(Beginning of Exercise data)
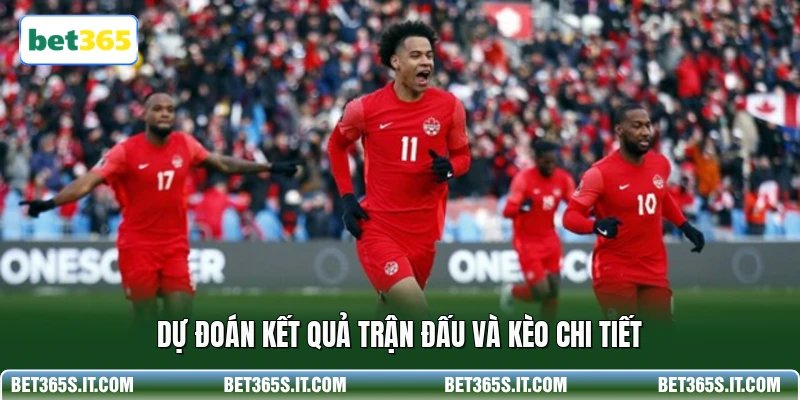 Dự đoán kết quả trận đấu và kèo chi tiết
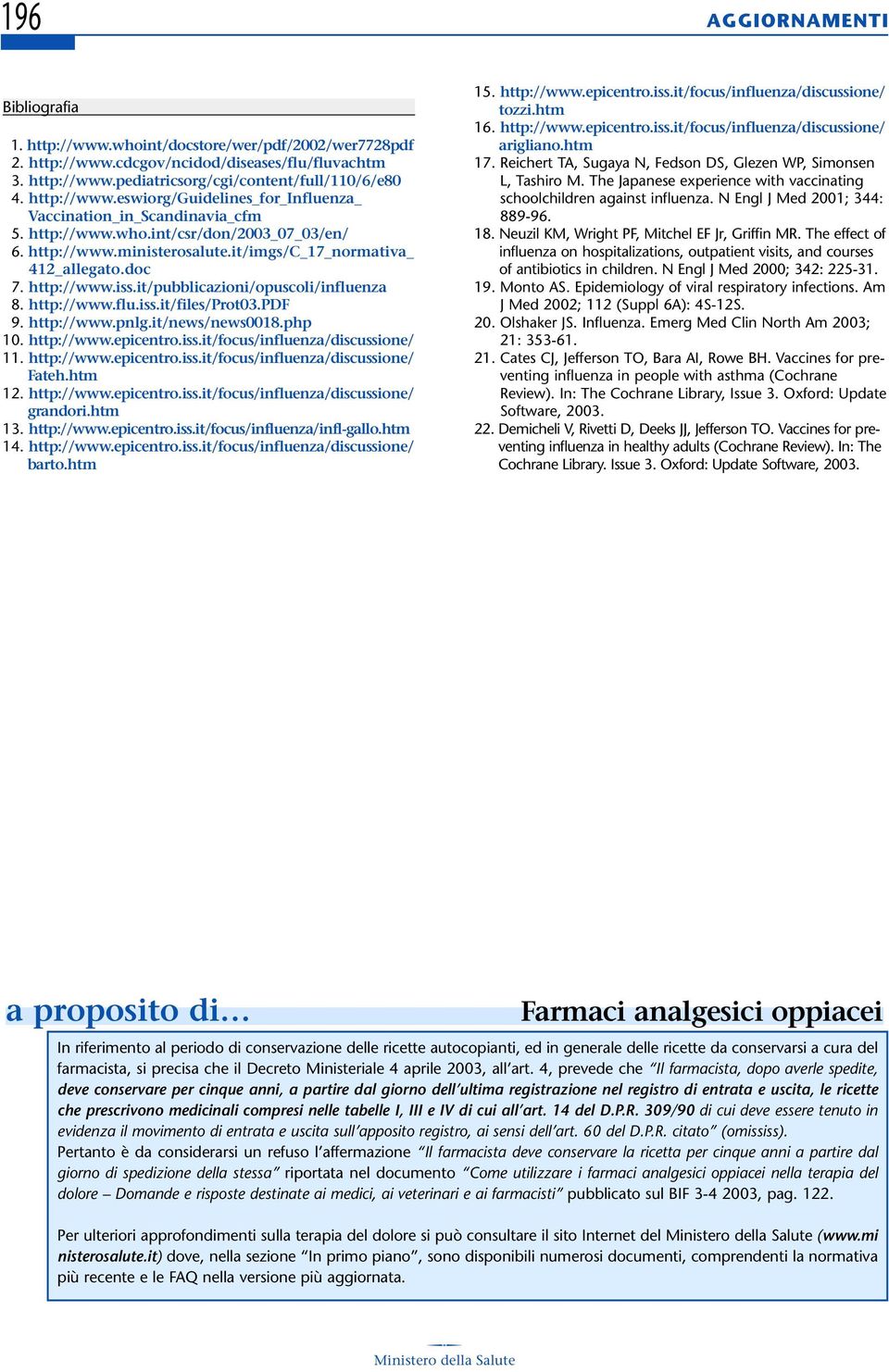 http://www.iss.it/pubblicazioni/opuscoli/influenza 8. http://www.flu.iss.it/files/prot03.pdf 9. http://www.pnlg.it/news/news0018.php 10. http://www.epicentro.iss.it/focus/influenza/discussione/ 11.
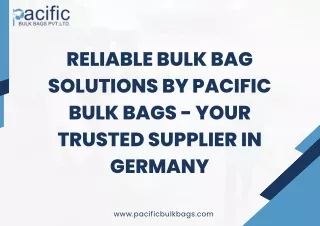 Reliable Bulk Bag Solutions by Pacific Bulk Bags - Your Trusted Supplier in Germany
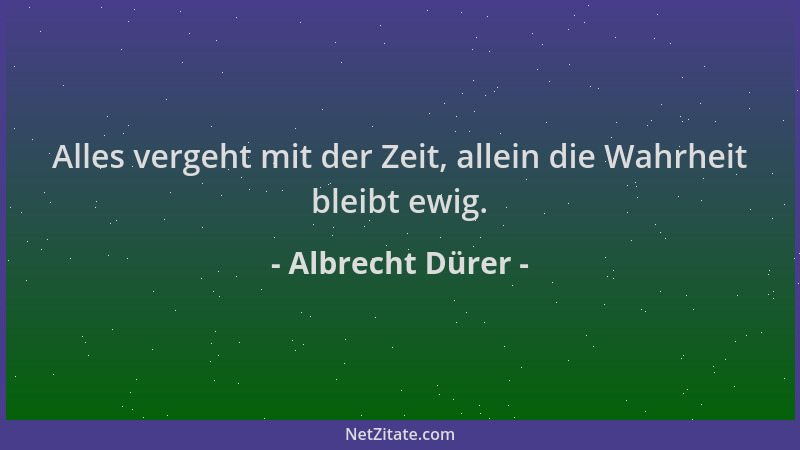 Albrecht Dürer - Alles vergeht mit der Zeit, allein die Wahrheit bleibt ewig....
(End of Exercise data)
#### What you need to do:
The required output is the line containing "10. http://www.epicentro.iss.it/focus/influenza/discussione/ 11." plus every line after it to the end of the data, copied exactly and with no pictures.

#### Response for this exercise:
 http://www.iss.it/pubblicazioni/opuscoli/influenza 8. http://www.flu.iss.it/files/prot03.pdf 9. http://www.pnlg.it/news/news0018.php 10. http://www.epicentro.iss.it/focus/influenza/discussione/ 11.
 Reliable Bulk Bag Solutions by Pacific Bulk Bags - Your Trusted Supplier in Germany
 Albrecht Dürer - Alles vergeht mit der Zeit, allein die Wahrheit bleibt ewig....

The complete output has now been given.